Good things to keep in mind for sure. So, I want to go ahead and start wrapping up our time here. If listeners take, you know, anything away from the conversation I was curious if you had maybe two or three main points that you’d want them to think about after the call keeping in mind we’ve got you know financial institutions across the United States with ag portfolios listening in.

 

Rob Newberry 24:06

Yeah, a couple things. One is, you know, don’t panic, the loan volume will come back. And so I think to your point earlier Thomas about the credit risk, making sure that your model is updated and that you understand that, you know, with high input costs the risk is commodity prices falling and the profitability of those customers going forward in inflationary times right? So that would be one. One is also, I would say do the due diligence whether it’s when you’re doing the credit and looking at the collateral or whether it’s managing your loan portfolio and trying to catch things before they go south on you right? Trying to fix things as you go. And then I guess the third one is, it’s okay to say no, so don’t fight over the table scraps that might not be worth fighting over. So we talked about, you know, there’s not a lot of loan demand right now. However, that doesn’t mean you should go try to chase every deal and either make no money on it because you’ve offered such a low rate or you pick up customers that you normally wouldn’t have done based on your credit policy just because you’re not having any loan demand. So, if it’s a bad loan, it’s a bad loan so, you know, just because there’s not any good loans out there don’t pick up the bad loans.
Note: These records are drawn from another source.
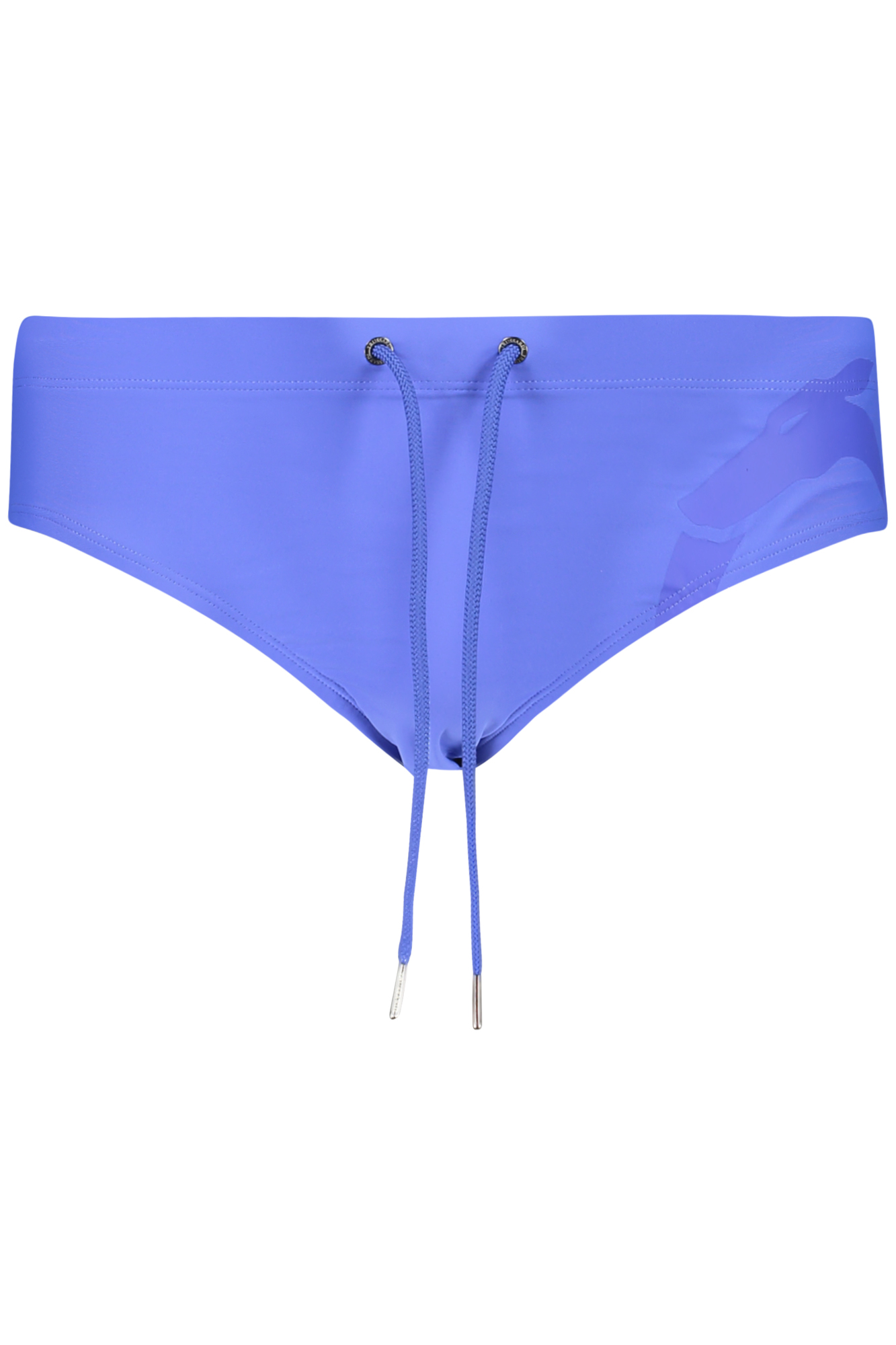 TRUSSARDI SWIMSUIT MEN BOTTOM BLUE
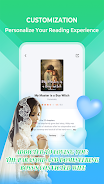 Webfic - Fantastic Reading 螢幕截圖 0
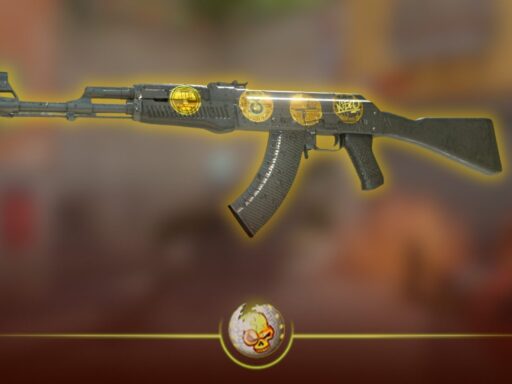 CS2 Souvenir Trade Up Update 2026 showing Souvenir skins now usable in Trade Up Contracts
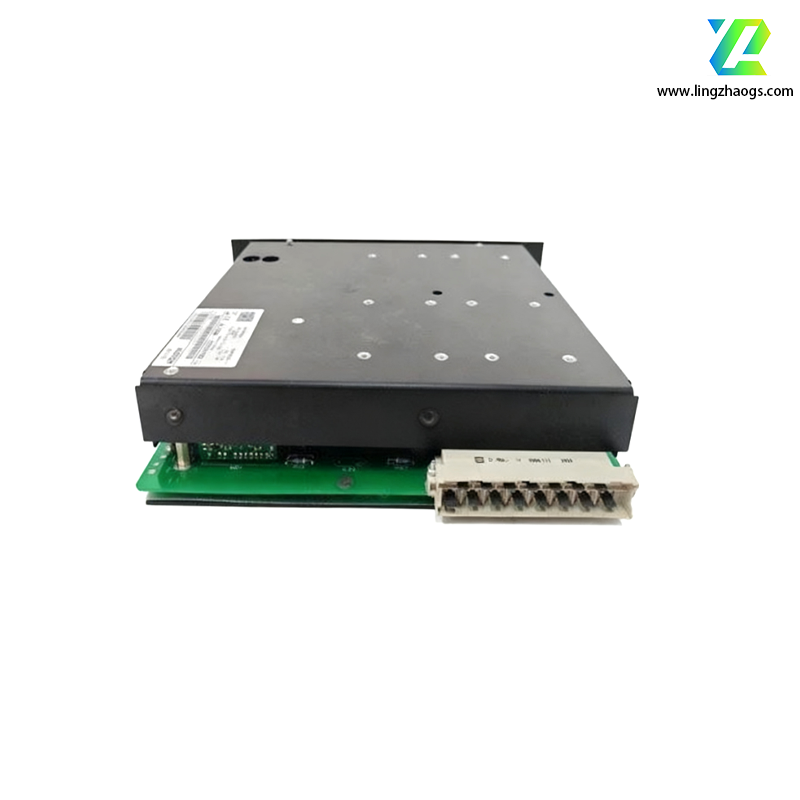 ALSTOM AL129A Industrial-grade Power Conversion Module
If that makes sense Thomas.

 

Thomas Curley 25:30

I think that will do it for our episode today. For those that are new listeners or those that haven’t subscribed yet, you can find this podcast and future episodes on abrigo.com or you can find it on your favorite podcast app or platform. You can search Ahead of the Curve: A Banker’s Podcast or simply Abrigo. Thanks so much for listening and we’ll be back again with our next episode soon. And Rob, just want to thank you as always for joining us and talking a little bit of ag.

 

Rob Newberry 26:01

Thanks Thomas for having me and look forward to talking to you and everyone again soon.